Easter Mudbogging 2005

It was the night before Easter and all through my trailer, there was no girl, not that if there was could I nail her. I flipped through the channels and what did I see, nothing worth watching on the TV. So I called up old Wilder, who refused to go out, "man up and grow a pair" I said in a shout. I told him that I wanted to go to my favorite place in West VA, to which he replied "hell yeah, ok." It's a honky tonk called Rainbow Road Club, with beers, tunes, and grub. With Aaron and Victor, J.T. and Josh, I started preparing for a night where I'd be sloshed. I sped along Route 7 from Ashburn to Frederick County, dreaming the whole time of a girl who would mount me.

In an hour thirty from my phone call to arival at our meeting location, I drank lots of water, fearing dehydration. On the way there I had to pee in a cup, a price you must pay when you have a small bladder. I saw ahead of me a JMU sticker on a Volkswagon, my foot to the floor I pulled up along the drivers window and saw a girl I'd give anything to be shaggin'. My eyebrows raised, my smile grew bigger and mouthed to her "what's up?" She looked away toward her friend and they started to chatter. Never fear, my friend, I really didn't care, I stomped on the pedal and turned the music up to a blare.

Around 11PM we arrived at the bar, hearing the band playing some badass Kenny Chesney, the song called "Big Star." "A six pack of Coors lite," I asked of the old hillbilly bar maid, she handed me my change and told me to stick around after closing if I wanted to get laid. I said thanks but no thanks, I may have low standards, but they are standards none the less. Sauntering back to my buddies I saw good ole JT, a girl was sitting on his lap and he had an expression of "I'm as happy as I can be." The girl was Aaron's cousin, but by the way she was actin' you wouldn't know they was kin. She was dancing on JT like she stripper, and guys walking by started pulling out money to tip her. I swear to you, I kid you not, she pulled her shirt down and I saw her nips,"Christ we are in a bar and she just showed her tits?!!??!" I thought in my head how she must be out of her gourd, her cousins right next to her, and when she swung her leg over J.T.'s head Aaron's beer she done poured. Onto his lap with a careless kick, a beer was spilt by some lap dancing hick.

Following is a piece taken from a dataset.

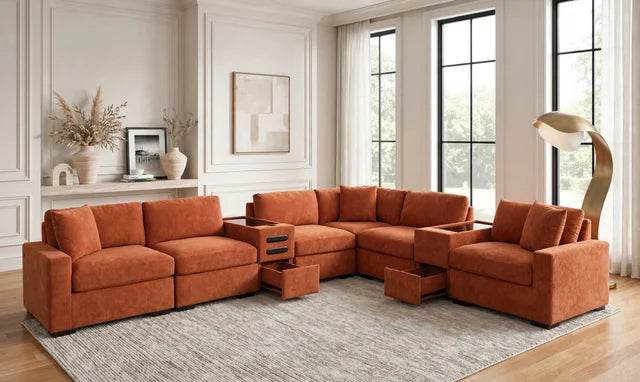 Barista Rust Modular Sectional Set (w/ Bluetooth Speaker)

Last call was 2:00 in the AM, it was now Easter, a spiritual holiday, and we were about to go break many laws, but our elusive nature allowed us to avoid Johnny Law, Mr. Sherrif's Depu-tay. To Wilder's grandparents farm did we speed, no sooner did we get there than Victor's nose began to bleed. For some reason or another I took my eyes off the field and cold cocked him across the face; I'll tell you this now, we didn't crash straight into a tree that night by little baby Jesus's amazing grace. It seemed like we plowed the fields and tore up the grass for hours and hours, but not even thirty minutes did pass. The old Exploder got stuck, the tie rod had broke, we were through; and before we knew it, before we could get pulled out, Aaron in his yellow wrangler got stuck too.

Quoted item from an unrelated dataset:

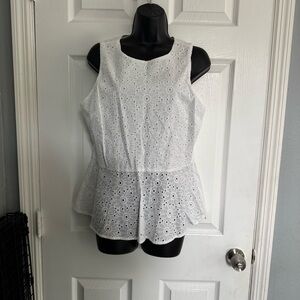 NWT Michael Kors White Eyelet Peplum Blouse - size M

While thinking about how to resolve our plight, Aaron's cousin jumps out of his car to fight. Mudwrestle that is, another girl who came along, she took off her shirt, boobies dangling all out and stripped down to her thong. The two girls rolled around in the mud on a cold March dawn, covered in mud with the rest of us guys standing around, our mouths wide open like we were about to yawn. Sooner or later, Titties McGee, got tired of wrestling and took a seat on ole J.T.'s knee. She pulled out her cell and made a few calls, to a guy who would soon be left in the morning with 2 blue balls. This fellow drove a wrecker and came down from WV, hoping to score with this lady, sitting upon ole J.T.'s knee. He was pissed, we could tell, but kept his mouth closed, thinking to himself "that bitch can go to Hell." He pulled us out and we gave him some money, but between us all we had was a twenty. He sped off the farm like a bat out of Hell, leaving me to think about the tie rod and maneuvering around my wheel well.

Lucky for me Aaron's dad had a body shop with a hydraulic jack, but all else was closed and we couldn't even go to Mickey D's for a snack. We drove to every car shop, ever auto parts store, in all of Frederick County, and the ones that were open we got the same answer, "sold out, ain't got anymore."

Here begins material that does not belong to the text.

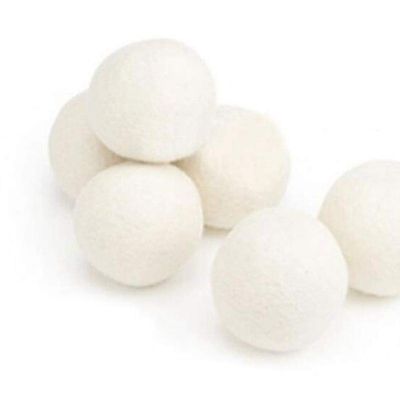 6-Pack 100% Wool Dryer Ball 6-8cm Absorbs Moisture Dry Clothes Zero Pollution No Allergy Less Wrinkles Laundry Dryer Felt Balls,6cm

Fate smiled upon us at the AutoZone downtown, which made my frown turn upsidedown. Installing the tie rod was essentially a simple task, but not cleaning the mud out of an off of my car which smelled like a hobo's flask. I got home in one peice very late Easter night, my mom was angry, pissed off, she was being uptight. "Sorry to miss breakfast," I said with sincerity, but she was angry, knew the story but would not take pity on me. To this day my front bumper looks completely effed up, for when we hit that ditch my fog lamps were ripped off.
































Kids, the moral of the story is this: Never go to a bar with a friend who's cousin is giving lap dances.